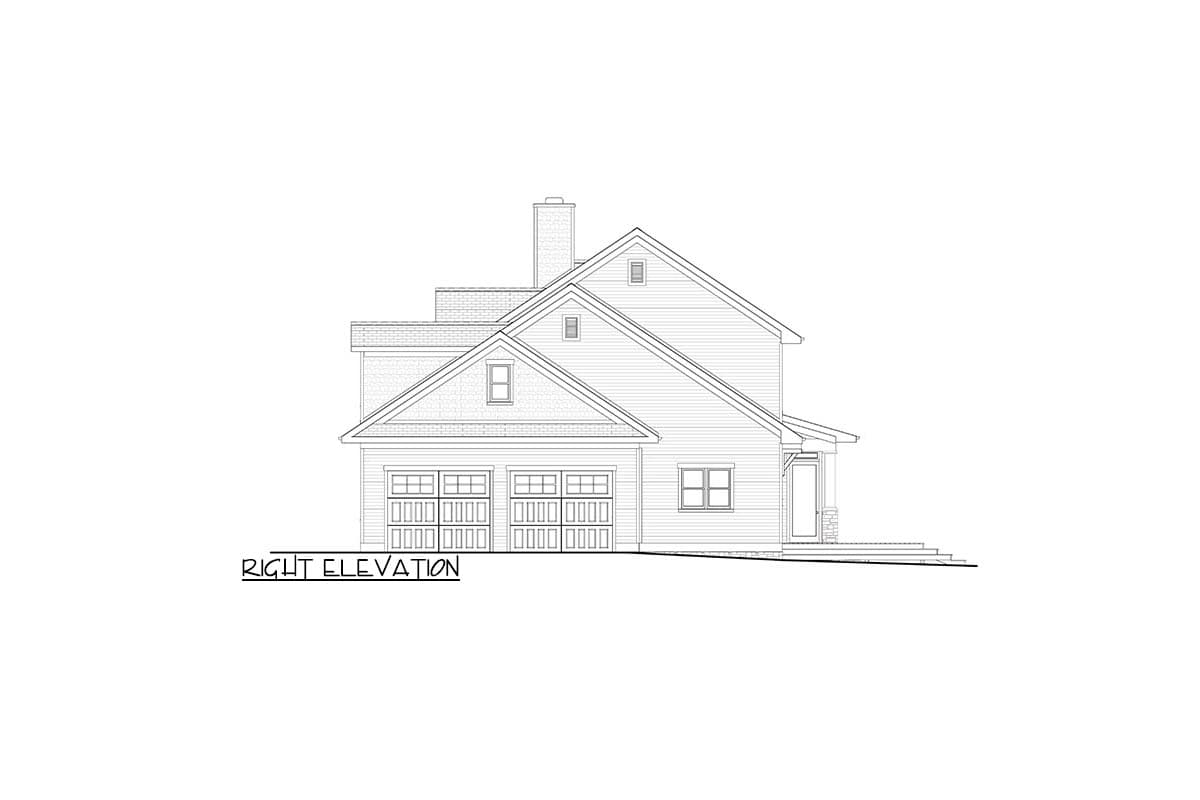 Plan 871032JEN: New American Country House Plan with Screened Porch and Main-level Master Bedroom - Image #17 - Country, Craftsman, New American, Traditional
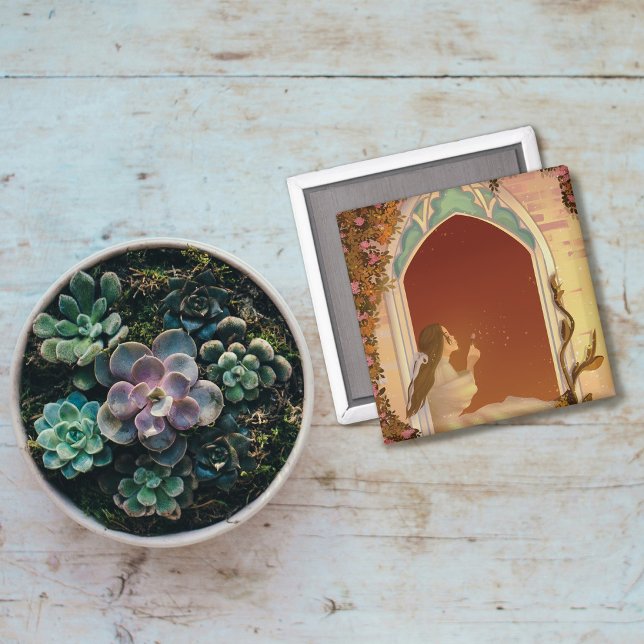 Prinzessin in Sonnenlicht Magnet (Von Creator hochgeladen)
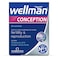 Vitabiotics Wellman Conception Supplement Tablets For Men's Fertility Support, Pack of 30's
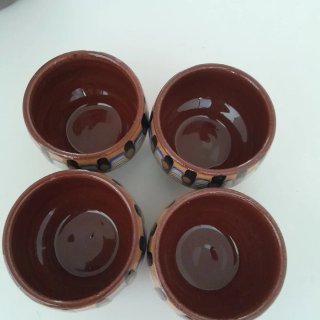 Set Ceramica Troyan Brocca e 4 Bicchieri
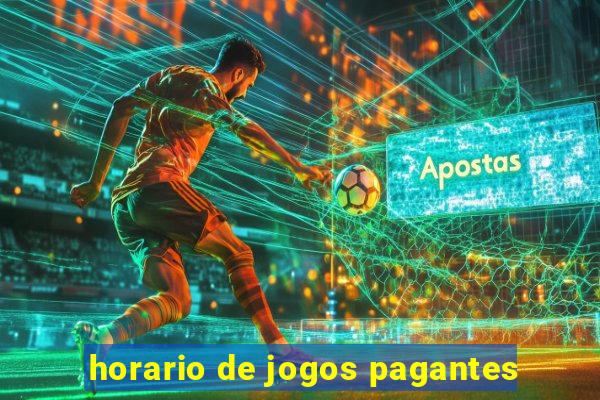 horario de jogos pagantes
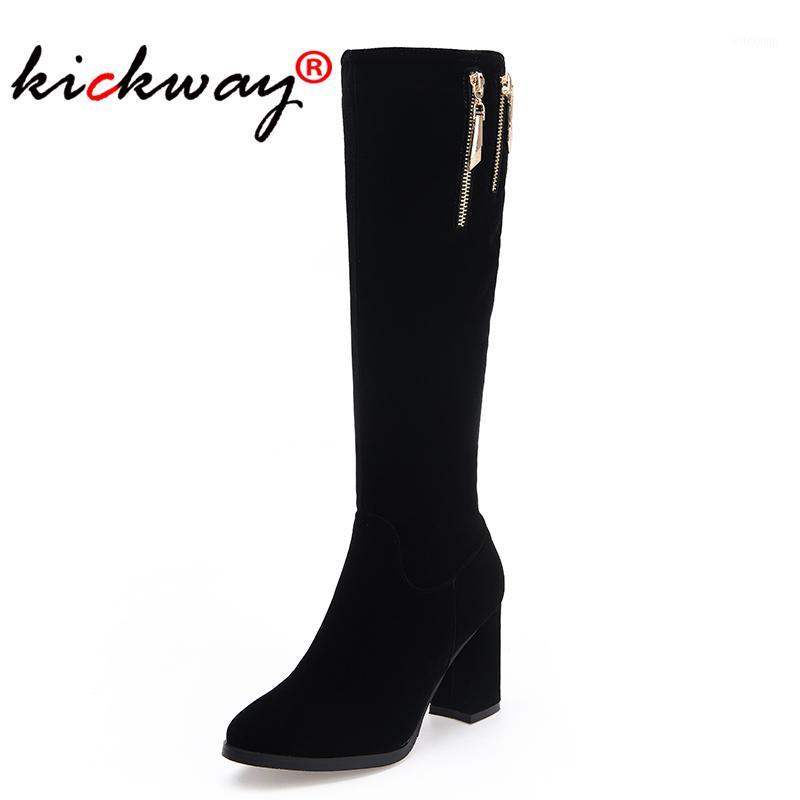 Women Knee High Boots Fashion Suede Leather Heels Black Zipper Winter Boots For Women Round Toe Female Booties Large Size 10 431
Women Knee High Boots Fashion Suede Leather Heels Black Zipper Winter Boots For Women Round Toe Female Booties Large Size 10 431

§ §

_Activity:_ Should a record include a picture, drop the picture and write out the remainder exactly.

_Reply to the task:_
 Plan 871032JEN: New American Country House Plan with Screened Porch and Main-level Master Bedroom - Image #17 - Country, Craftsman, New American, Traditional
 Prinzessin in Sonnenlicht Magnet (Von Creator hochgeladen)
 Vitabiotics Wellman Conception Supplement Tablets For Men's Fertility Support, Pack of 30's
 Set Ceramica Troyan Brocca e 4 Bicchieri
 horario de jogos pagantes
 Women Knee High Boots Fashion Suede Leather Heels Black Zipper Winter Boots For Women Round Toe Female Booties Large Size 10 431
Women Knee High Boots Fashion Suede Leather Heels Black Zipper Winter Boots For Women Round Toe Female Booties Large Size 10 431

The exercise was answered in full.